> _SUPPLIED DATA_
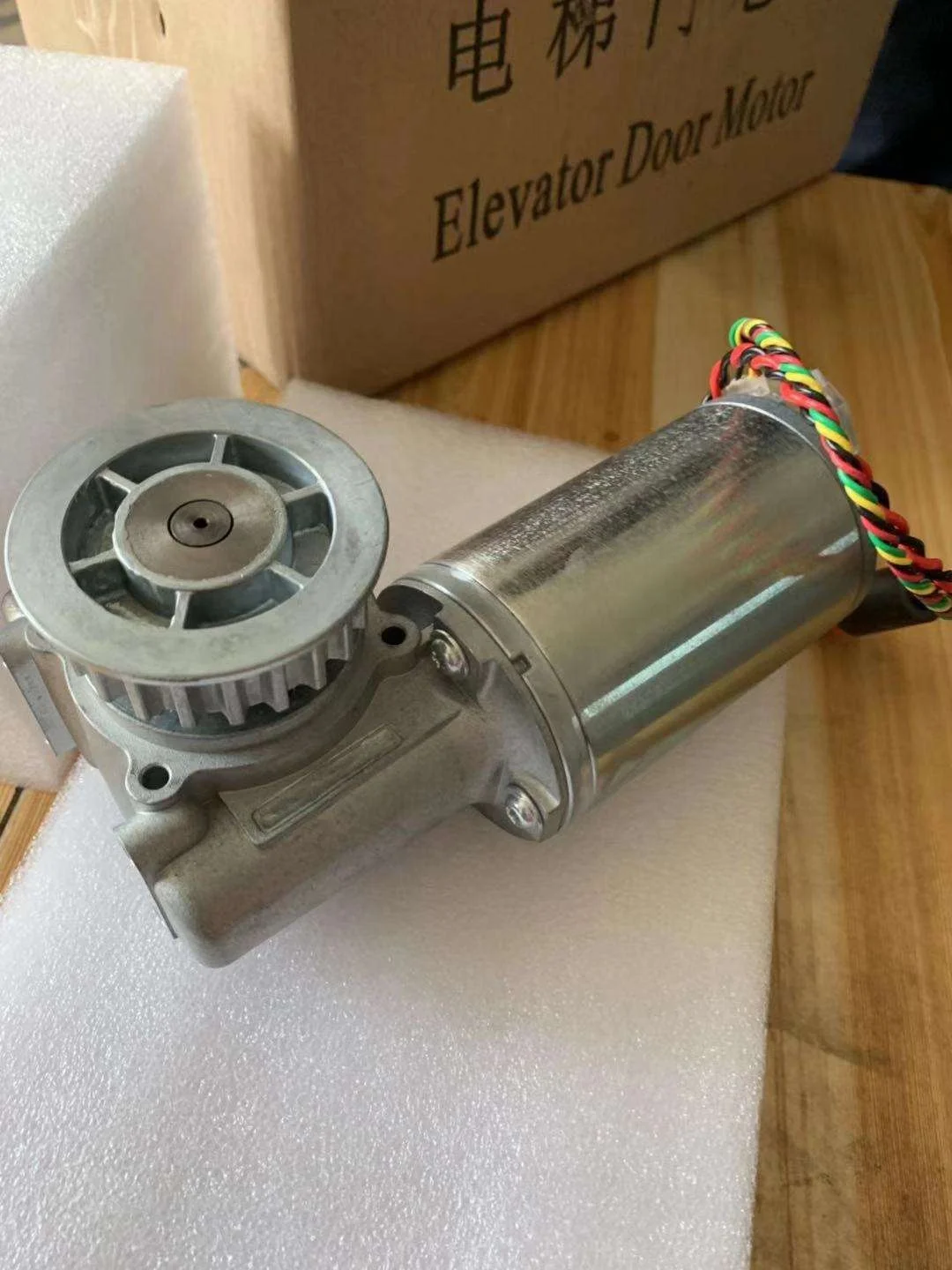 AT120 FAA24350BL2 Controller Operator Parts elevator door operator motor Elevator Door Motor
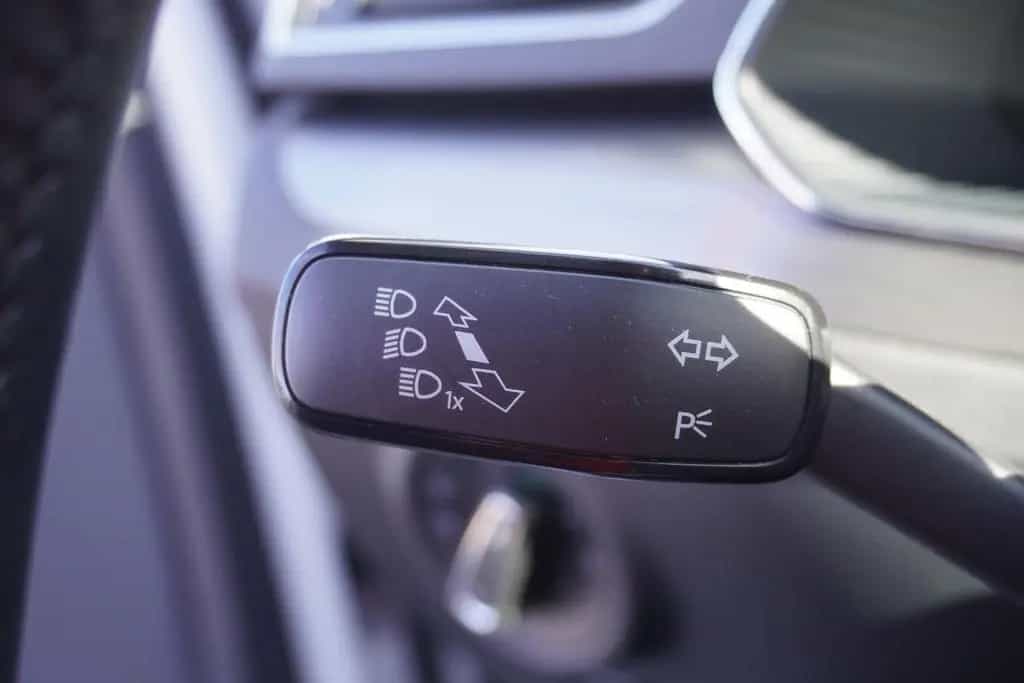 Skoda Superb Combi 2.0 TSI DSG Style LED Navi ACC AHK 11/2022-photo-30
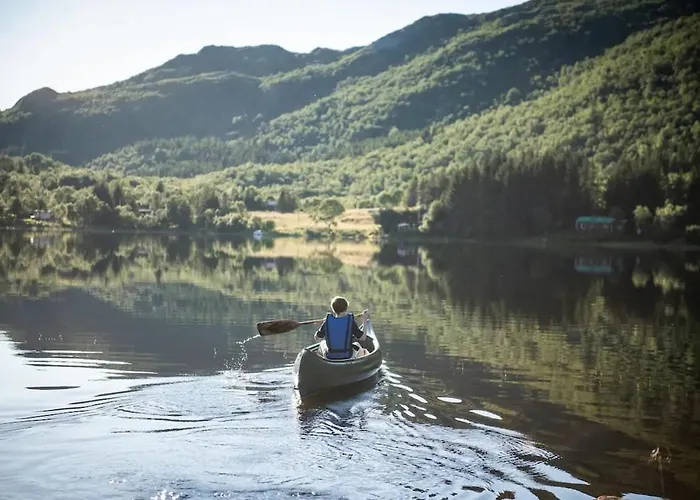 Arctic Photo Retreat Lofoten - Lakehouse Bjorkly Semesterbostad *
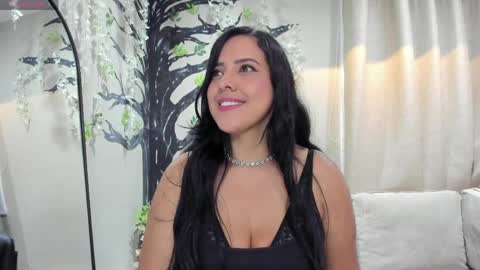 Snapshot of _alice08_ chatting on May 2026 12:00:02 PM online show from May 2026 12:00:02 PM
==
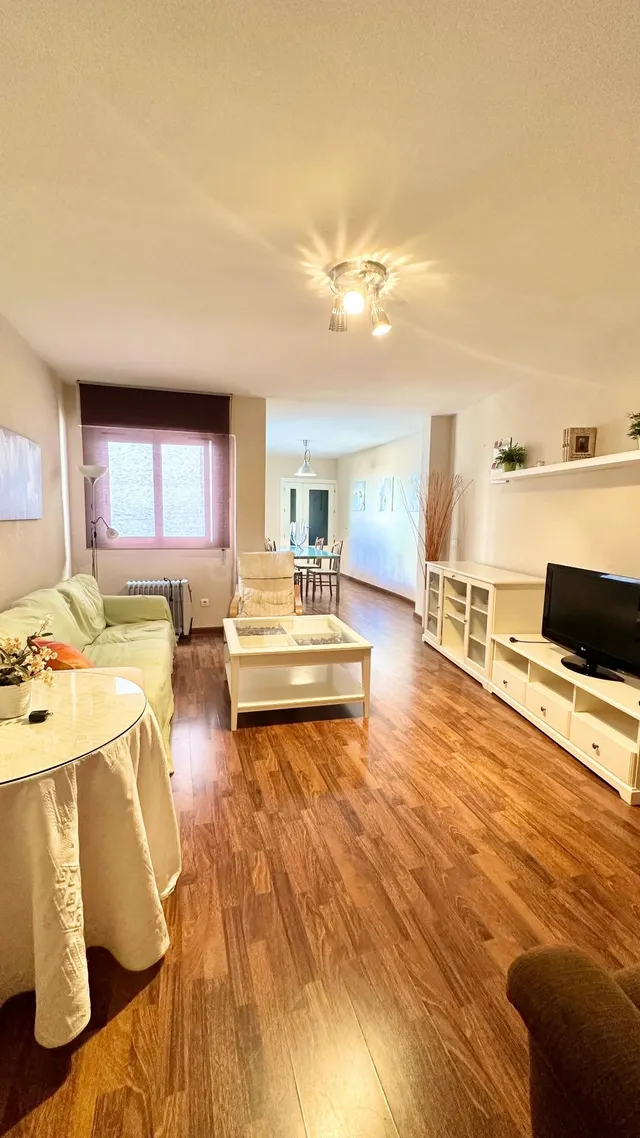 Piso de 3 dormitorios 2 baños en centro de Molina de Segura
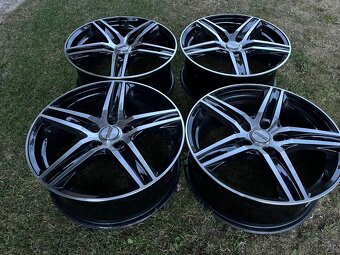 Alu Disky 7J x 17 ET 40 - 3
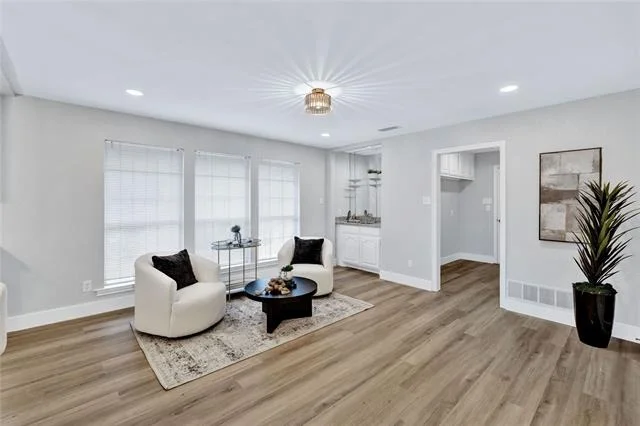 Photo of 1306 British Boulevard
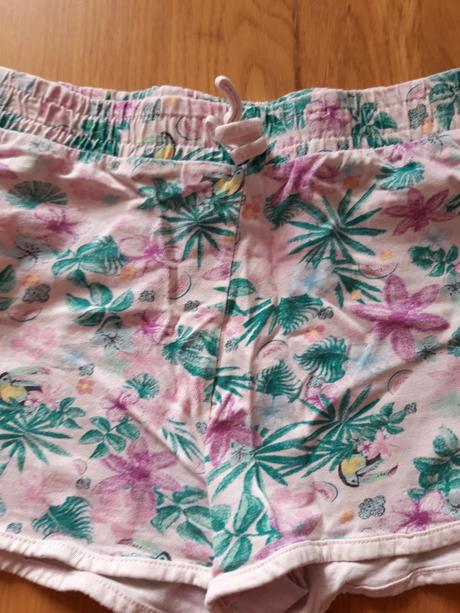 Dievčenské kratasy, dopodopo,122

> _INSTRUCTIONS FOR THE TASK_
Copy the listing above exactly, but only from the line with "AT120 FAA24350BL2 Controller" through the line with "Snapshot of _alice08_", including those two lines and excluding any picture.

> _WRITTEN SOLUTION_
 AT120 FAA24350BL2 Controller Operator Parts elevator door operator motor Elevator Door Motor
 Skoda Superb Combi 2.0 TSI DSG Style LED Navi ACC AHK 11/2022-photo-30
 Arctic Photo Retreat Lofoten - Lakehouse Bjorkly Semesterbostad *
 Snapshot of _alice08_ chatting on May 2026 12:00:02 PM online show from May 2026 12:00:02 PM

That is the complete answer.